Paul Proud Man
Rounding out my taxonomy of NOLA fatties is Paul Prudhomme. Prudhomme gave America a cuisine. Before he made Louisiana cookery famous, and the techniques available to anyone, American cuisine was hamburgers, hot dogs, French fries, and some kind of Sunday dinner of fried chicken or chicken fried steak, a Swiftian, contradictory term for a “dinner” offering I only ate once, mashed potatoes, boiled to a tenderness near rot, and a sweet dessert.
The many parvenus who’ve come since Chef Paul owe much to him, and his wonderful first book, Chef Paul Prudhomme’s Louisiana Kitchen (1984). He developed that rapid-fire method for cooking a roux, demanding concentrated vigilance, organization and preparation, and the ability to detect the state at which a roux reaches that perfect state to gird the sauce for the meat it is meant to accompany. Chef Paul’s book provides a feast of fine photographs of the different stages of roux. Traditionalists may turn up their noses at this departure from the traditional long-cooking roux making, but damn me, when I get that roux going in my whole Iowa neighborhood, if you close your eyes, you’d think you died and went to South Louisiana. Not that most Iowans, bred on German fare that, first and foremost, must have no flavor, would touch the stuff. On the rare occasions I cook, the smells bring back memories of walking through New Orleans neighborhoods at 5 in the afternoon, inhaling the exhiliarating odors of meals being prepared, and wondering just what they were having for supper that made me want to knock at the back doors and beg for food. I learned to cook Louisiana food out of self interest, and maybe self preservation.
I am beginning to feel like I’m doing the theory for a before and after weight loss gimmick because I am going to post a photo of Chef Paul before and after he lost weight. Here is Chef Paul before in a photo from his first book, presenting for you the standards from the Louisiana kitchen–boudin, pickled meat, shrimp, crawfish, berries, nightshade vegetables, potatoes, yams, shrimp, crawfish, and fish. The only thing missing is the butter, lard, and sugar.
But now Chef Paul has shed the weight. He looks much more healthy, and thinner–it is possible to read even more of Louisiana in his face–the dark skin, the knowing smile that also conveys benign good will, and the coarse, once dark hair. He just has that “look” that is so typical of many native New Orleanians (Prudhomme is from Opalousas), and other people from South Louisiana.
One last word about Chef Paul, or New Orleans culture, is that the title “Chef” is like an earned doctorate. People append the honorarium here when speaking of any of the entitled chefs–Chef Susan Spicer, Chef Emeril Legasse, Chef Leah Chase. Among the few New Orleans celebrity chefs. And in almost every native household, there is a cook in the kitchen whose productions rival those of the chefs. It is said that a–well, I’ve only heard the word “man”–that “a man can’t be elected to public office if he can’t cook.” That accounts for the ubiquitous jambalaya at every outdoor event of every kind, political or not.

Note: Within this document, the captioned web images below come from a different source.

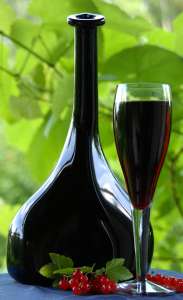 red wine and red currant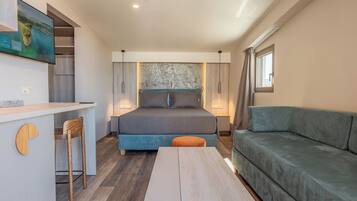 Standard Suite with Panoramic View | Soundproofing, free WiFi, bed sheets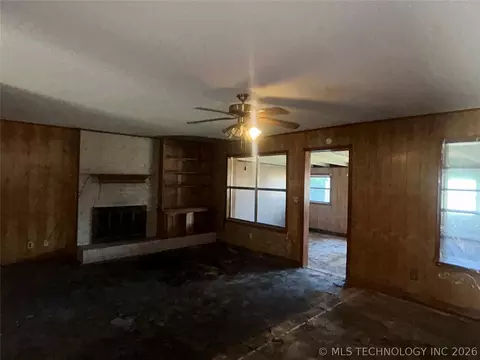 9067 E 33rd St, Tulsa, OK 74145 photo 2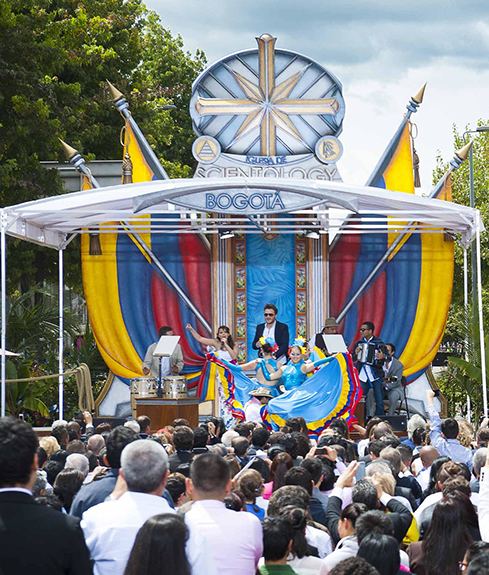 Kolumbie vášnivě vítá první ideální Scientologickou organizaci v Jižní Americe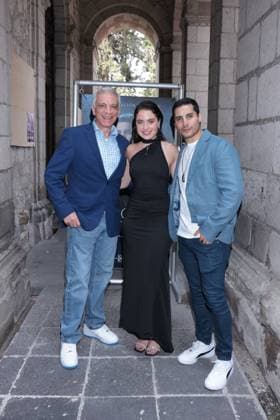 TV Horror Serie Reliquias Oscuras Photocall in Mexiko-Stadt September 4, 2024, Mexico City, Ciudad de Mexico, Mexico: (L-R) Juan Carlos Colombo, Nicole Curiel and Alex Perea attending the Pihotocall for the horror Tv series Ã¢â‚¬ËœReliquias OscurasÃ¢â‚¬â ¢ by Televisa Univision at Convento San Joaquin. on September 4, 2024 in Mexico City, Mexico. Mexico City Mexico - ZUMAe321 20240904_zea_e321_019 Copyright: xYamakxPerea xEyepixxGroupx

The celebrity chefs came after Chef Paul, but the everyday cooks were a fixture in household in New Orleans when Ignatius was stuffing himself with foot-long hot dogs. A Confederacy of Dunces doesn’t mention much about what was produced in the Reilly kitchen other than Irene’s bottles of muscatel, and the ever-present French drip chicory coffee on the stove next to a pot of “berling” milk. MacLaughlin mentions that the person Ignatius was based on had a lifelong yearning for hot dogs because he was denied them as a boy, and something like this is the only explanation, other than propinquity, to explain why, in New Orleans, anyone would crave hot dogs rather than shrimp po-boys, red beans and rice, crawfish pie, or any other new Orleans staple, including a Hubig’s pie.
This is the French drip coffee maker that has been in use in homes in South Louisiana since the 19th Century. It isn’t a French press, or an Italian drip style coffee maker. Boiling water is poured into the top chamber over the grounds, and the coffee drips rather quickly over a steel plate with holes. I have no idea what dented up old pot Irene Reilly “berled” her milk in, but she would have made the chicory coffee in one of these. The coffee and “berled” milk are poured at the same time into a single stream in equal proportions into the cup it is served from. This is the coffee you buy with beignets at Cafe du Monde, or better yet, at the remnants of the old Morning Call next to the news stand in Metairie, just south of the entrance to the 23 mile bridge across Lake Pontchartrain to Mandeville and the North Shore.